Extrajudicial
Posted by Lex, on October 1, 2010
Back in the days before foreign policy got poisoned by partisanship (I jest), I was compelled at times to defend what other people chose to view as constitutional violations by President Obama’s predecessor. The salient issue at that juncture was whether normal congressional legislation requiring FISA oversight of executive branch exploitation of signals intelligence that might or might not have passed through US telecoms (and therefore potentially rendered US citizens liable to unwarranted snooping) could be safely disregarded by a Commander-in-Chief exercising his Article II powers in a time of war. In short, could President Bush authorize warrantless wiretaps on known terrorists overseas even if one end of their conversations terminated in or routed through US terrestrial architecture?
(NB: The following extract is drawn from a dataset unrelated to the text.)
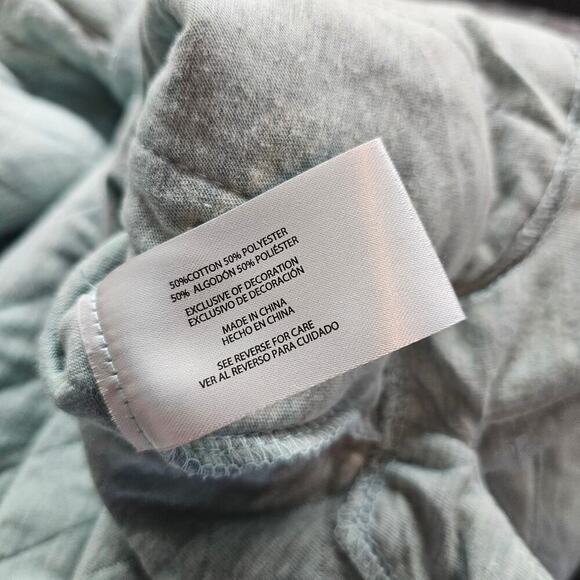 Eddie Bauer Quilted Pullover Womens Size XXL Light Blue Sweater Cozy Neutral - Picture 10 of 11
I argued yes: Congress could not through normal legislation restrict the constitutional powers of a co-equal branch of government. Others argued, “No, he’s shredding the Constitution, and that.” This over intercepted email and telephony data.
Where are they today, these constitutional purists, as our Commander-in-Chief avidly pursues the extrajudicial execution of an American citizen living overseas and denies judicial review?
That a government has the right to kill in certain defined circumstances cannot reasonably be denied, but it must be to protect itself or its citizens from imminent danger, and the protective measures must be proportionate to the nature of the danger. In Awlaki’s case, the suit seeks an order to stop the government from killing him unless he poses an immediate threat. An American citizen hiding in the chaotic state of Yemen poses no direct threat to the existence of the US government. Individuals like Awlaki pose a random threat to citizens of numerous countries, and that threat justifies governments taking protective measures.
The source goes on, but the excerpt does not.